HZ. ALİ'YE DAİR... (1)
Salı, 12 Mayıs 2015 00:00

HZ. ALİ'YE DAİR... (1)

Değerli hocam, selamünaleyküm.

Efendim bir şey sormak istiyorum izniniz olursa. Bir kaynakta, Yasin Sûresi'nde geçen “Ve külle şey’in ahsaynâhu fi İmâmin mubîn”(Yâsîn: 12) . ayetini aynen şöyle meal etmişler: “Biz her şeyi apaçık bir İmam'da saymışız.”

Buna dair şöyle bir rivayet kaynak gösterilmiş (aynen alıntı yapıyorum) : İbn-i Abbas dedi ki: “Biz her şeyi apaçık bir imamda saymışız” ayeti indiğinde iki kişi gelip Resulullah (sav)’a sordular ki: Ey Resullullah, Kur'ân’da geçen bu imam Tevrat, İncil, Zebur veya Kur'ân mıdır? Resulullah (sav): Hayır, dedi. O anda babam (Hz. Ali) Resulullah (sav)’in huzuruna gelir. Bunun üzerine Resulullah (sav) şöyle buyurdu: İşte, Allah'ın her şeyin ilmini içinde saydığı imam şudur. Mutlu o insandır ki Ali’yi hayatında ve ölümünden sonra sever, mutsuz o kişidir ki hayatında ve ölümünden sonra ona kin duyar.
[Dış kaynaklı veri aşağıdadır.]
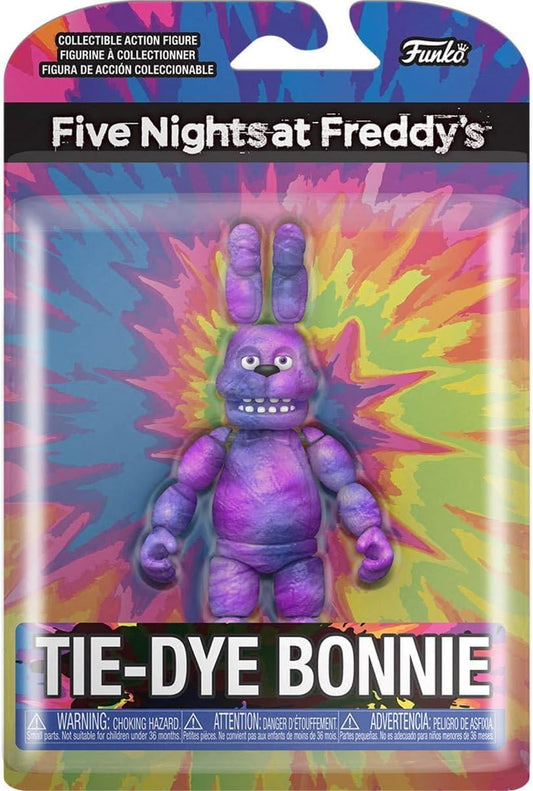 Figura Funko Tie Dye Bonnie Five nights at Freddy`s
Başka bir mealde ise aynı ayet için şöyle meal edilmiş: "Zaten biz her şeyi açık bir kütükte, bir "imam-ı mübin"de (ana kitapta, yani Levh-i mahfuzda) sayıp tesbit etmişizdir."

Burada meal edilen Kur'ân-ı Kerim'in anlamının farklılaşması hakkında aydınlatıcı bilginizden faydalanmak isterim. Ellerinizden öper, saygılarımı iletirim...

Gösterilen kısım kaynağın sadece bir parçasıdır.